Increased DNS Attacks Depleting Finance Companies Millions

Since 2018, the cost of a single Doman Name System (DNS) attack has gone up by over 40% to more than $1.3 million as shown by a new study. In the survey, hundreds of senior professionals in the technology sector, from IT managers, CISOs to CIOs were studied and it was found out that the attacks have been disruptive and worryingly so. Of the surveyed, 88% of all financial companies had gone through a DNS attack within one year with most affected over 10 times on average within that period.

The web phone book

DNS is critical in domain name conversion into IP addresses which has seen it become the web’s phone book. It’s what hackers have been misusing, mostly in two main ways. DNS has been exploited first through the submission of copycat websites to unsuspecting victims where their data is harvested through phishing attacks. The other way is through the disruption of companies where their websites or apps are illegally accessed causing downtime. For connection to be reverted, hackers have in recent times started demanding ransom.

The EfficientIP-commissioned study also found out that within the last 12 months financial organizations targeted in DNS related phishing cases stood at 47%. 45% of them went through sever cloud downtime and another 68% went through in-house downtime on apps.

Diverse reasons for increase in attacks

As companies release customer-facing solutions, particularly apps which are DNS reachable, the attacks have gone up across diverse user services.
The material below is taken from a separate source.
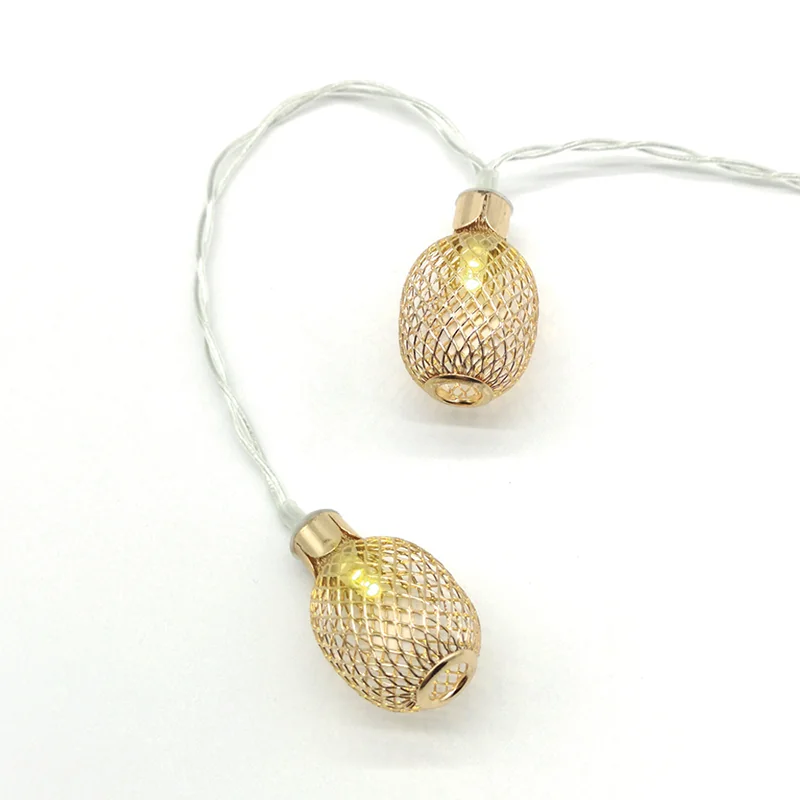 ACA Lighting X061011256 Метален ананас – 10 LED батерии 3×AA топла светлина златен метал IP20 135 + 30см прозрачен кабел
Also, a reason for the rise in DNS-based attacks has been attributed to the awareness of threats the registry poses with IT professionals expected to know that it’s the main source of the attacks.

At the same time, the cost of an average DNS attack suffered by financial companies was a bit higher in recent times. As the gate-keepers of money for all types of customers offering all types of services needed day or night by users, financial companies have been operating very predictable networks. They’ve become the main target of most hacking and DNS attacks.

Info disclosures of attacks and NIS Directive

In the UK, the FCA (Financial Conduct Authority) compelled banks to information disclosures of related online security and operation incidents affecting them, particularly after a huge IT meltdown caused by an attack on TSB that has since seen the cost rise to over $400 million.

European regulations have continually insisted on the need to strengthen critical infrastructure from attacks with IT outages now resulting in various fines courtesy of a NIS Directive in the UK. Companies could be fined up to about $20 million according to the power given by the NIS Directive, although FCA could raise the fines further in an attempt to ensure DNS attacks and other cases of insecurity meted on critical financial infrastructure doesn’t take place due to negligence and inferior safeguards.

At the RSA Conference of 2019, SANS Institute noted that there were five most dangerous DNS attack methods that have been gaining track in 2019. These include DNS manipulation, domain fronting, DNS traffic capture, attacks via CPU flaws such as BMCs (baseboard management controllers) for persistent access and personalized cloud attacks on individuals.